The 42-year-old took advantage of a nationwide program meant to help people like him lay down their guns. He trained in entrepreneurship, received a bi-weekly stipend of about $35 and was told to return to civilian life.
But there’s little normal life for veteran fighters in one of the world’s most volatile countries. He couldn’t find work, was shunned by his family for his violent past and was threatened by enemies. Two years later he became a fighter again, this time helping Russian mercenaries combat the armed groups he had left.

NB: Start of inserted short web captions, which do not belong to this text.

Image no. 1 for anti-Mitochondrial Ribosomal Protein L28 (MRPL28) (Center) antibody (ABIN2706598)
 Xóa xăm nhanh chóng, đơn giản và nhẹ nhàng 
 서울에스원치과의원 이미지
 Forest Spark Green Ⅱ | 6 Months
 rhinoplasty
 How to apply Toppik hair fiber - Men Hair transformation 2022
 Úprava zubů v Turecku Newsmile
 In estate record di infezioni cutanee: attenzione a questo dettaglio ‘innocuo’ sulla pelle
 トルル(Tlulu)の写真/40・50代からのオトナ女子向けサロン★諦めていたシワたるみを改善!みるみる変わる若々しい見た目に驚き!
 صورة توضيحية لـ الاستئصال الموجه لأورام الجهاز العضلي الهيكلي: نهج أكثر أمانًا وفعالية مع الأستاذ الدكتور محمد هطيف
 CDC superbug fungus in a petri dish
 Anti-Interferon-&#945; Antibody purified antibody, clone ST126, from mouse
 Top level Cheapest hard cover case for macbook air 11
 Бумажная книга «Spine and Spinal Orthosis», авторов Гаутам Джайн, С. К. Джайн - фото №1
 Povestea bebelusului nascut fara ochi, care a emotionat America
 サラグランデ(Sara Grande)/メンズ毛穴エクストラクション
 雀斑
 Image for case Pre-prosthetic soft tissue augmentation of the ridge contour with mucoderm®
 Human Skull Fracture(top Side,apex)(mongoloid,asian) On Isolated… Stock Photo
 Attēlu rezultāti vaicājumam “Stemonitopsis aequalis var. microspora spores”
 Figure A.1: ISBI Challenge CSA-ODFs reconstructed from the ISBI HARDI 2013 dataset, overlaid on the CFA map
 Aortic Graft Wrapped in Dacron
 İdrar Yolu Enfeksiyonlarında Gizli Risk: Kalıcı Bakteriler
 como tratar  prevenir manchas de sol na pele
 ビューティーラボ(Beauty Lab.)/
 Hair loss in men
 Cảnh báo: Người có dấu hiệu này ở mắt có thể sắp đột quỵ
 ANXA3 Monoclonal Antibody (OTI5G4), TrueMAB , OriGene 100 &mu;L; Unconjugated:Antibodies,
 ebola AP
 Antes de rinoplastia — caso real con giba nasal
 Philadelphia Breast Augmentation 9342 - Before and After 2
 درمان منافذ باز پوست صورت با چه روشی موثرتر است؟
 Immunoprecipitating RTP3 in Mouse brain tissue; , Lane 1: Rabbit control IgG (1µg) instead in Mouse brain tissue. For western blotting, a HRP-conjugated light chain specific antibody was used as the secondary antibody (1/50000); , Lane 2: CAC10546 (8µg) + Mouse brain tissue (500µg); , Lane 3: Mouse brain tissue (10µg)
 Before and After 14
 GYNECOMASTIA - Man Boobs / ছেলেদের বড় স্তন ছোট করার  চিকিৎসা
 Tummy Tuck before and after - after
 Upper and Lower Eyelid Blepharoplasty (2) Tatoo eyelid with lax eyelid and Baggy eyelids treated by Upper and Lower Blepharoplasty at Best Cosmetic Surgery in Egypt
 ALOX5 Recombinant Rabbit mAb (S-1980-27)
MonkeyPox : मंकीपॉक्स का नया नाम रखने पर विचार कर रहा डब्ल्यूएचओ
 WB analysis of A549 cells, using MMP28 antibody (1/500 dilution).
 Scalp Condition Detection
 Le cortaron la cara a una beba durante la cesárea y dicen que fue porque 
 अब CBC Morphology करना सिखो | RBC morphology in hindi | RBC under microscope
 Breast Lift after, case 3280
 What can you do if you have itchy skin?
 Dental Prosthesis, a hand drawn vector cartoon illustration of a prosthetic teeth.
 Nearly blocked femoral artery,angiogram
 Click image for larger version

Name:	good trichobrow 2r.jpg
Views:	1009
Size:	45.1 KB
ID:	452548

… Another armed presence is Wagner, the Russian mercenary group tasked with protecting the presidency and securing the country. Its fighters have been accused by rights groups and civilians of recruiting a local militia to help it fight rebels while committing abuses and exploiting Central African Republic’s rich mines and forests.

2 April
Bassirou Diomaye Faye sworn in as Senegal’s youngest president
Leftwinger one of a group of opposition politicians freed from prison 10 days before presidential ballot
27 March
‘We are finally free’: Senegal hails new anti-establishment president

27 March
Togo’s opposition calls for protests to stop president from signing off on a new constitution
(AP) Togo’s government said a planned three-day protest this week over the arrest of opposition figures and new legislation scrapping president elections was illegal, a move that heightened tensions in the West African nation that has been ruled by the same family for almost 60 years. The interior and security ministries said the protests set to begin Thursday would seriously disturb public order. In a separate notice, the government also delayed parliamentary elections until April 29, pushing the vote back by just over a week. The proposed constitution passed by lawmakers in late March grants parliament the power to choose the president, doing away with direct elections. It makes it likely that President Faure Gnassingbe would be reelected when his mandate expires in 2025.
Some legal experts say the constitution actually restricts the power of future presidents as it introduces a one-term limit and hands over greater power to a figure similar to a prime minister. But opposition fears the role — officially, the president of the council of ministers — could become another avenue for Gnassingbe to extend his grip on power.